- The Washington Times - Monday, October 27, 2003

Sen. Hillary Rodham Clinton dropped her objection yesterday to the Bush administration’s pick to head the Environmental Protection Agency, clearing the way for Utah Gov. Michael O. Leavitt to be confirmed by the Senate today.

Mrs. Clinton had tried to hold up Mr. Leavitt’s confirmation as leverage to get information from the White House about indoor air quality around the ruins of the World Trade Center in the days after September 11.

Meetings between Mrs. Clinton and the Bush administration began about six weeks ago and led to the agreement yesterday.

“We have reached agreement with the White House for additional testing to verify that residences that have been cleaned have not been recontaminated,” Mrs. Clinton said.

The Senate had been prepared yesterday to vote for cloture, a parliamentary procedure to get around blocks and force a final up-or-down vote on a nomination or bill. Republicans were confident of winning the vote. Faced with that prospect, Democrats gave in.

Sen. James M. Inhofe, Oklahoma Republican and chairman of the Environment and Public Works Committee, said he expects Mr. Leavitt to garner at least 70 votes today.

At least five other senators also had said they would try to block Mr. Leavitt’s nomination, but those objections — including those of all three Democratic presidential hopefuls in the Senate — were removed, and the nomination was allowed to proceed.

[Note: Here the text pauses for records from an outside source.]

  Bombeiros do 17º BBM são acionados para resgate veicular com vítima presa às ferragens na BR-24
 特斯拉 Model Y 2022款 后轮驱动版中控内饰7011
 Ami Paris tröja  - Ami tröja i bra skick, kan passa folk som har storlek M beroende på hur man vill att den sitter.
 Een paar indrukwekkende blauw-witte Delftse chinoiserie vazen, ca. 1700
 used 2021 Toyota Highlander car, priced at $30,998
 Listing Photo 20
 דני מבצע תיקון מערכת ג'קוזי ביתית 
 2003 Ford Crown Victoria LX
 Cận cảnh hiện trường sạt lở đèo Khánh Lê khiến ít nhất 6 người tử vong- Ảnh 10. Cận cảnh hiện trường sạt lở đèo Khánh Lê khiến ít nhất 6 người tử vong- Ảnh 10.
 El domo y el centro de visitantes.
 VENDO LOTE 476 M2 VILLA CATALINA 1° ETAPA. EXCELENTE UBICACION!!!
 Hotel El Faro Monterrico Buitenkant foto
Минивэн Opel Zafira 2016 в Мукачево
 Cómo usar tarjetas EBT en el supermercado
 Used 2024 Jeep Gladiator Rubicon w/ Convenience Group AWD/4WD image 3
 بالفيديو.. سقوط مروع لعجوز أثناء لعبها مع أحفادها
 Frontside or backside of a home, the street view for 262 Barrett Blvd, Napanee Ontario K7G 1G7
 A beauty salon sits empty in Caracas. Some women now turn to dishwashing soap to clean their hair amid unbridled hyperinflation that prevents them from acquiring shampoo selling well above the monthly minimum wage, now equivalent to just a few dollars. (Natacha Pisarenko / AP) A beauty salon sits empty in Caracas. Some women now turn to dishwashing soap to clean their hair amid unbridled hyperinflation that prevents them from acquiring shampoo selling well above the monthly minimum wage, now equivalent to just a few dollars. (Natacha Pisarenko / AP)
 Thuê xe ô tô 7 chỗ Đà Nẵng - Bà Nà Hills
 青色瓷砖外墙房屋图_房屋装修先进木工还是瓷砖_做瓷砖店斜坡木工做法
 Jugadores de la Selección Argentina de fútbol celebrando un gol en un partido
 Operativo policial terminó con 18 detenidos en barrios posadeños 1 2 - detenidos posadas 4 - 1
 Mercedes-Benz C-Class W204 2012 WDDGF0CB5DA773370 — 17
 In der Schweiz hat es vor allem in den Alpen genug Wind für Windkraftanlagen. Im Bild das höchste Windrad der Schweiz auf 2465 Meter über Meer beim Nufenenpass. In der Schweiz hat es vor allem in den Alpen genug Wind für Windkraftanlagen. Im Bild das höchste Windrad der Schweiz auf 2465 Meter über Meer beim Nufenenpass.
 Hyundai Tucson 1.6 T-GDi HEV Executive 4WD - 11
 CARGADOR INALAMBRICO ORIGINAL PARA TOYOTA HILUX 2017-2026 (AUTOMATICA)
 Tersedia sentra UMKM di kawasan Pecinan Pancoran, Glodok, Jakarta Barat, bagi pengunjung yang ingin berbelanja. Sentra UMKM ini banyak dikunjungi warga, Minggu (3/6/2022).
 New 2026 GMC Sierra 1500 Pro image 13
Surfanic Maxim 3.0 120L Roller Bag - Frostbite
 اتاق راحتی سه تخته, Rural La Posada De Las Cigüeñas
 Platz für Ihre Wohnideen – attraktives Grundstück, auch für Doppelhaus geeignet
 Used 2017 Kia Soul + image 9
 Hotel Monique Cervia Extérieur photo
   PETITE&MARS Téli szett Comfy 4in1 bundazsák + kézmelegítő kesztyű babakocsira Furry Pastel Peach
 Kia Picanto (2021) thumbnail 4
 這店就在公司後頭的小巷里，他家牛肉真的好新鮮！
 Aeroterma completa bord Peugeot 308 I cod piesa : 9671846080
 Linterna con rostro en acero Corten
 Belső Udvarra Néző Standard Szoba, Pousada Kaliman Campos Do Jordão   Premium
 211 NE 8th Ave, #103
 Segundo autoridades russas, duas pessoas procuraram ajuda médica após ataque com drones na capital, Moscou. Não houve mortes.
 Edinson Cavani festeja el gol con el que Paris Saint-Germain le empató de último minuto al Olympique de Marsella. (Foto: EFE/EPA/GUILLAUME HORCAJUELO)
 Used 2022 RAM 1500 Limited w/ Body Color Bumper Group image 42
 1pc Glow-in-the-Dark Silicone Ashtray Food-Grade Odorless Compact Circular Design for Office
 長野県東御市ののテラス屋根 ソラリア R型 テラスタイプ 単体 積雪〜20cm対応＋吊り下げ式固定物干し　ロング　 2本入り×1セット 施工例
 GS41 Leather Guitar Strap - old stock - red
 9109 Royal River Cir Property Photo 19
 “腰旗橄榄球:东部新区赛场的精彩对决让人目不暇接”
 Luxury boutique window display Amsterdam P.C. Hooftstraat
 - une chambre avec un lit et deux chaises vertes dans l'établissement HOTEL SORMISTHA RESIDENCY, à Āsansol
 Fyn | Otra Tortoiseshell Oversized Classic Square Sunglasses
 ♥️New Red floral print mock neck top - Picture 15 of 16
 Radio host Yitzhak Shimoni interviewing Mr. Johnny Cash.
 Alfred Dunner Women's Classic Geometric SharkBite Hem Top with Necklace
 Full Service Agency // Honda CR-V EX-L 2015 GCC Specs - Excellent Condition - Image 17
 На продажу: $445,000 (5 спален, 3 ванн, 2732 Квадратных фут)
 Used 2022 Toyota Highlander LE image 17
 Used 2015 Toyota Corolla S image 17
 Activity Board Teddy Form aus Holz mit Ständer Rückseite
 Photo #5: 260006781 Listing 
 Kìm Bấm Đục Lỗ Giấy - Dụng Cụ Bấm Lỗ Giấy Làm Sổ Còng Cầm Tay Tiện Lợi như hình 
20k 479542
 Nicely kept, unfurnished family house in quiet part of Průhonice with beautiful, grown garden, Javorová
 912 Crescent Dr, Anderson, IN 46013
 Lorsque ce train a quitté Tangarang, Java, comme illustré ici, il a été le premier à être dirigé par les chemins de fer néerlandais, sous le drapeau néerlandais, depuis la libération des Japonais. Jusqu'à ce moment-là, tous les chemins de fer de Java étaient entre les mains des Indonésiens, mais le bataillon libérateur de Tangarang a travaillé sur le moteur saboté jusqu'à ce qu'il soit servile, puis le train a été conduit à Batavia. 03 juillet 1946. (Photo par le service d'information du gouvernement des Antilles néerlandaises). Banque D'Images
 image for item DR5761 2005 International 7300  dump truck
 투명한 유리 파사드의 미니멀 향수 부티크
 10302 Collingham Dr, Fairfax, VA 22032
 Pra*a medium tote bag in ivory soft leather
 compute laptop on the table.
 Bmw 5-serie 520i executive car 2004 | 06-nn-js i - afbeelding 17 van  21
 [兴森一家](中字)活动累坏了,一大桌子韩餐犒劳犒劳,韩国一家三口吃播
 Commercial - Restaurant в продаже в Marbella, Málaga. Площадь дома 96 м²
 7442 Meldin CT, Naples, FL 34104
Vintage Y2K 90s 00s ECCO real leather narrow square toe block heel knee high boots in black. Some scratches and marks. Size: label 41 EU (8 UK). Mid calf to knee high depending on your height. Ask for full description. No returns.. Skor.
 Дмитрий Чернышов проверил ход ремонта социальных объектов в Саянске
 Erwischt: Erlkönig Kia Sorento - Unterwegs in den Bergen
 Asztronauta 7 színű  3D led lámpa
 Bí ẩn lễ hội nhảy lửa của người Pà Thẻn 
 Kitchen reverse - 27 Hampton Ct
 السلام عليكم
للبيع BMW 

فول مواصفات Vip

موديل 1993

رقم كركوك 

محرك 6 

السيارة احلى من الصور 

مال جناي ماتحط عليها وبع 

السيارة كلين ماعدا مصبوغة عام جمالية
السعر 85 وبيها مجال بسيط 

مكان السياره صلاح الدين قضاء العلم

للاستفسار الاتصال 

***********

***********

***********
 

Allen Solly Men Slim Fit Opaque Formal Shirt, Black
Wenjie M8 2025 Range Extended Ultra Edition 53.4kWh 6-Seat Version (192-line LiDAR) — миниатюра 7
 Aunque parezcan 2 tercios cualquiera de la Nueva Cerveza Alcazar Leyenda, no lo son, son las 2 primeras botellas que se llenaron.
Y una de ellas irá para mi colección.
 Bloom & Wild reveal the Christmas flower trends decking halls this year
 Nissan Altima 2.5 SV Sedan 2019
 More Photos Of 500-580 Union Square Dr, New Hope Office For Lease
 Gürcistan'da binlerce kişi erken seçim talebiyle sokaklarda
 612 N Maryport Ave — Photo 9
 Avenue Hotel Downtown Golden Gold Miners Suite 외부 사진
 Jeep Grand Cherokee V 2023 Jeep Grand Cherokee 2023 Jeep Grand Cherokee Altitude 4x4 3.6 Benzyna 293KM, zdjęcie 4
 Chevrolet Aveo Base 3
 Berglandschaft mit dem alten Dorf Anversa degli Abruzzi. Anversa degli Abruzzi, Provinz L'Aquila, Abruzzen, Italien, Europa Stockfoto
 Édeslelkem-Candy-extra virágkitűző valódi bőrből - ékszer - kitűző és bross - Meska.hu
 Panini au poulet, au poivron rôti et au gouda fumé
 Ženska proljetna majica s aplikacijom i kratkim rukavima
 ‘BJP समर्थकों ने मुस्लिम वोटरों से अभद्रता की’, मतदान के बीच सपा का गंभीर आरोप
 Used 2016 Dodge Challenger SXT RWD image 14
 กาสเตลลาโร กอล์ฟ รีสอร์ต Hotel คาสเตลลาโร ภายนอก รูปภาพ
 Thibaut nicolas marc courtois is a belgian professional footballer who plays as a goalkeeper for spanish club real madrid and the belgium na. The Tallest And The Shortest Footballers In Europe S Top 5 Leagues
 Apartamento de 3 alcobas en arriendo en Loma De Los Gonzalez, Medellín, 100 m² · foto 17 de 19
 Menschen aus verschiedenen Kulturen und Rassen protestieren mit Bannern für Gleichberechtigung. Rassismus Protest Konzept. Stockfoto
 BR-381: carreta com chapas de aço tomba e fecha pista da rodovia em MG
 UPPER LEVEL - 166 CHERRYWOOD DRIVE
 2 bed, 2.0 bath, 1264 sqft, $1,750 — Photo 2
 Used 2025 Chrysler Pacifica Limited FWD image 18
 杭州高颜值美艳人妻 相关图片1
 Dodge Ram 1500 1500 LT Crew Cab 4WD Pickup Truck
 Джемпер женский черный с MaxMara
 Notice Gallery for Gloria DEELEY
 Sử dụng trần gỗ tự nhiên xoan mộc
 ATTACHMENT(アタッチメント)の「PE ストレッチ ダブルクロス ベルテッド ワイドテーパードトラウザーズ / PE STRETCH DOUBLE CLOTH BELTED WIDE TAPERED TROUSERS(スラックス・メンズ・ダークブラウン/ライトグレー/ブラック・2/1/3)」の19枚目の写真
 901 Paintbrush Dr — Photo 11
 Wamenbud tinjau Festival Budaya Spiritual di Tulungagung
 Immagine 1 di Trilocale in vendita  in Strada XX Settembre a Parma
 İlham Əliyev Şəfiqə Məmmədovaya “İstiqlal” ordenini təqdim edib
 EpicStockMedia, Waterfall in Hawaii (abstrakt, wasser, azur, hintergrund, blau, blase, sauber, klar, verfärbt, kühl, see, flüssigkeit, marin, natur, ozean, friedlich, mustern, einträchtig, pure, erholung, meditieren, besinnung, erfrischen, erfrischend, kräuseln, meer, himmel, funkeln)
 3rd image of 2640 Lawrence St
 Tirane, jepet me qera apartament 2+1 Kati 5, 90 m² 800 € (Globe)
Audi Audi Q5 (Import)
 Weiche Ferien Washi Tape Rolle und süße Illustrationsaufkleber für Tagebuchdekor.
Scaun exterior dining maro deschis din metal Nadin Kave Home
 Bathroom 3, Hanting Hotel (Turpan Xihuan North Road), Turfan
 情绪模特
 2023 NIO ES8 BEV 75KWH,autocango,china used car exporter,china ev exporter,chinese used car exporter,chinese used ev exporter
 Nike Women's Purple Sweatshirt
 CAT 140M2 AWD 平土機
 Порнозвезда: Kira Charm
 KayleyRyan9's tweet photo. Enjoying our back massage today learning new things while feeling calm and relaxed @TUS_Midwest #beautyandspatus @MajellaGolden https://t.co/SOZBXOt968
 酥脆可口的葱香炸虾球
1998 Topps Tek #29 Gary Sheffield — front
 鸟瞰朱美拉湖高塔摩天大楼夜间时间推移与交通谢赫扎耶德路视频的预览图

Sen. Joe Lieberman of Connecticut, one of those hopefuls, praised the deal last night as providing an “opportunity to protect public health.”

Still, Sen. Frank R. Lautenberg, New Jersey Democrat and one of those who had tried to hold up the nomination, said he would vote against Mr. Leavitt anyway.

“Mr. Leavitt appears to believe that ‘he who enforces least, enforces best,’” said Mr. Lautenberg, accusing the governor of “a knowing disregard for the health problems caused by the corporate polluters.”

“Putting Mr. Leavitt at the helm of the nation’s environment is a bad idea, and I cannot support this nomination,” he said.

Many Democrats said they were opposing Mr. Leavitt to protest the administration’s environmental policies rather than the nominee himself.

“What we saw today was that a majority of the Democrat caucus was unwilling to continue the partisan games leveled against Governor Leavitt,” said Sen. John Cornyn, Texas Republican and member of the committee. “I can only hope that they will have a similar epiphany when it comes to the president’s judicial nominees, but I’m not holding my breath.”

Democrats have sustained filibusters on three judicial nominees and two bills this year, spanning 13 votes, but Democratic leaders weren’t pushing the party to unify behind this filibuster as they have with judges.